Tag: Balkans

A milestone, again

Today is Vidovdan, Saint Vitus’ Day for Serbs.  It is the 623rd anniversary of the battle of Kosovo Polje, commemorated as a religio-national holiday by Serbs worldwide.  It is also the date on which Gavrilo Princip assassinated the Austrian Archduke Franz Ferdinand in 1914, precipitating World War I, as well as other major events in Serbian history.

Today there is one more:  newly elected nationalist Tomislav Nikolic asked nationalist Ivica Dacic, leader of Slobodan Milosevic’s Socialist party, to form a new government, with the support of Nikolic’s own Progressive party as well as several smaller parties in the governing coalition.

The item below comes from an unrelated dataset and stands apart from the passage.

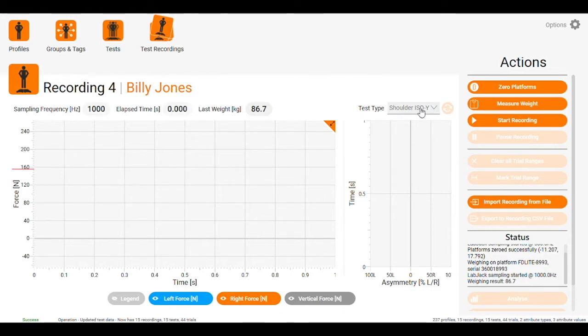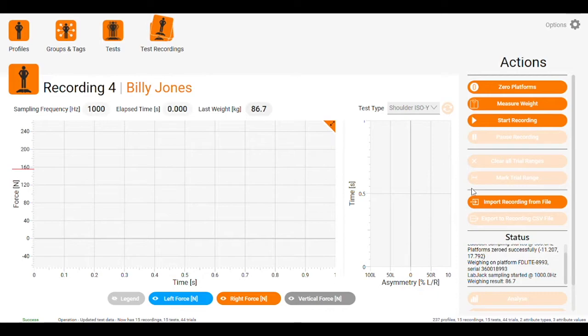For any other isometric test, we select general force time analysis.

There is nothing socialist about Dacic or progressive about Nikolic.  Both are nationalists and pragmatists who draw support from an electorate disappointed in the performance of the more moderate nationalist Boris Tadic, who lost this month’s presidential election after more than seven years at the helm.  All claim to be pro-European, but Tadic more loudly, definitively and effectively than Nikolic and Dacic.

Alternation in power is a vital part of democratic governance.  Dacic participated as Interior Minister in Tadic’s last government, but Nikolic and his “progressives” are new to governing responsibility. It is a sign of the maturity of Serb’s still young democracy that the international community is taking Nikolic’s accession to power in stride, even if many might have preferred that Tadic win.

Both Nikolic and Dacic have already gone out of their way to consult with Moscow during the government formation process.  That gives more than a hint of where they plan to steer Serbia, which even under Tadic has flirted with Russia and vaunted itself as non-aligned (whatever that means in the post-Cold War world).

What does this augur for Washington and Brussels?  For Brussels, it likely means a deceleration in Serbia’s technical preparations for European Union membership, which proceeded apace under Tadic.  A slow-down won’t cause any handwringing in Brussels, where the prospect of any new members before 2020 is unwelcome.  The EU will want to keep Serbia on track for eventual membership, but it likely will feel far less pressure to offer a date to begin accession negotiations with a Dacic-led government.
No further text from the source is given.